Il avait donc été relâché pour avoir été jugé plus dérangé que dangereux. Mais jusqu’à quand un terroriste peut-il bénéficier de cette présomption de folie? «C’est toute la difficulté qu’amène l’instabilité certaine de ces individus. Où placer le curseur?» répond Jean-Paul Rouiller, responsable du Groupe d’analyse du terrorisme au Geneva Centre for Security Policy. Il semblerait qu’il dise avoir agi pour «venger le Prophète». Quel crédit accorder à ces propos? Est-ce raisonné, motivé?

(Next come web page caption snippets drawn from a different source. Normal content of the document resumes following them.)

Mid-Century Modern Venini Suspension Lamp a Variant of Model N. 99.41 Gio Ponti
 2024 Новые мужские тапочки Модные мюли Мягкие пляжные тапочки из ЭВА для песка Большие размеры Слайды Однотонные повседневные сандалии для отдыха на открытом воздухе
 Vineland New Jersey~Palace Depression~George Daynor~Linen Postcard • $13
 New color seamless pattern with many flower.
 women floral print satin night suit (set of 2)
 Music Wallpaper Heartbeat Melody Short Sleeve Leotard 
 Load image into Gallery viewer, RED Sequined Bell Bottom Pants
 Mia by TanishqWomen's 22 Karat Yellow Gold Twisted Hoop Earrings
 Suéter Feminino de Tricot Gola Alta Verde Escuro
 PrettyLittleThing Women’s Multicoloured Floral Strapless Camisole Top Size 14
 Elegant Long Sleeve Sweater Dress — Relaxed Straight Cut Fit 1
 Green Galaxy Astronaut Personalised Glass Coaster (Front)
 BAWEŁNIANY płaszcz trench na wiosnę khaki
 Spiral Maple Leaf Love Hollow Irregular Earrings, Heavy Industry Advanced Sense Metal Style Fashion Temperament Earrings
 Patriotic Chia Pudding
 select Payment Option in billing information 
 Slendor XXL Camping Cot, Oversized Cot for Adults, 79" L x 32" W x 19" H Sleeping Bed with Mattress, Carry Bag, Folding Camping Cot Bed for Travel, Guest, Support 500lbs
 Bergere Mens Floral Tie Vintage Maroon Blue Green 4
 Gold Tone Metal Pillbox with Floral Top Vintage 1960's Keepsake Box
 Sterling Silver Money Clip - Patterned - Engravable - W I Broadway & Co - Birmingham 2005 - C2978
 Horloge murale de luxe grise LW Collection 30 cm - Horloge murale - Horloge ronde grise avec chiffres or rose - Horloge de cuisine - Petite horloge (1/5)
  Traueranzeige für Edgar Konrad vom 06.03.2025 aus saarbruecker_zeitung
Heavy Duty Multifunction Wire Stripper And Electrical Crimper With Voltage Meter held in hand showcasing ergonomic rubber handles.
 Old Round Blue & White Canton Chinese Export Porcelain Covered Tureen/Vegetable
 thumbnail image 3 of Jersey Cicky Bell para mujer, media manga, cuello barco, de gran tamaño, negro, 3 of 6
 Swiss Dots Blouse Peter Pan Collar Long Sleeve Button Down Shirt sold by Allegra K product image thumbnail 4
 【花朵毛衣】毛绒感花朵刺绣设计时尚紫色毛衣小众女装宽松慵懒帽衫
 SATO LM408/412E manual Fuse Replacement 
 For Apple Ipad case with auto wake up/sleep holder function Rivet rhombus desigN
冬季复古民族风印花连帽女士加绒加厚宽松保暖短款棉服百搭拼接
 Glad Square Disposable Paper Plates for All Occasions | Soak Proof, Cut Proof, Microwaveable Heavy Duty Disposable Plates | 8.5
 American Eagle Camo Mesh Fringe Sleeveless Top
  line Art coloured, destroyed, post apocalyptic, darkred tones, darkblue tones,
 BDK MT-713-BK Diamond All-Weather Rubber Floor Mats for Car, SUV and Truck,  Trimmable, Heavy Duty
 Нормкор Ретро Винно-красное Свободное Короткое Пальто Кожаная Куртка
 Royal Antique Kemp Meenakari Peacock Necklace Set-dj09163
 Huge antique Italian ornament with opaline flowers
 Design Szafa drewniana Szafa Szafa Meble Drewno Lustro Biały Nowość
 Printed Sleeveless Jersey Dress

Selon la RTS, l’homme a aussi assuré avoir agi au nom du djihadisme, «par vengeance contre l’Etat suisse».

Un couvre-feu, une obligation de s’annoncer

A la suite de sa précédente arrestation, les enquêteurs vaudois sont tombés «sur des indices de possibles antécédents djihadistes», souligne le MPC, et ajoute que l’individu était dans le viseur du Service de renseignement de la Confédération depuis 2017, «en raison de consommation et de diffusion de propagande djihadiste». Lors de sa relaxe, le prévenu avait été suivi de mesures d’accompagnement: un couvre-feu nocturne, une obligation de s’annoncer et l’interdiction de port d’armes.

«La police municipale et le canton exécutent alors et remontent les informations au Ministère public», explique Jean-Paul Rouiller. Jusqu’à l’homicide du 12 septembre, le Ministère public dit n’avoir été informé d’aucune violation des mesures imposées qui aurait justifié une nouvelle remise en détention. L’enquête dira si les signaux qui lui ont été envoyés ont reçu les réponses attendues.

Six cents personnes «potentiellement dangereuses»

Aurait-on dû davantage le surveiller? «Surveiller des gens demande beaucoup de ressources. On liste 600 personnes «potentiellement dangereuses» en Suisse, en réalité on doit tourner autour de 1000. Quels critères déterminent la priorité de ces surveillances? Par mesure de substitution, le Service de renseignement de la Confédération ne peut être sur un cas que gère le Ministère public», explique encore l’expert en terrorisme.

L’attaque a eu lieu samedi soir peu après 21h. La victime, décédée sur place, se trouvait avec sa compagne lorsque l’assaillant leur a foncé dessus avec un couteau. Après une nuit de cavale, l’agresseur a été arrêté dimanche à Renens par la police vaudoise. A Morges, lundi soir, une centaine de personnes ont rendu hommage à la victime sur les lieux du drame.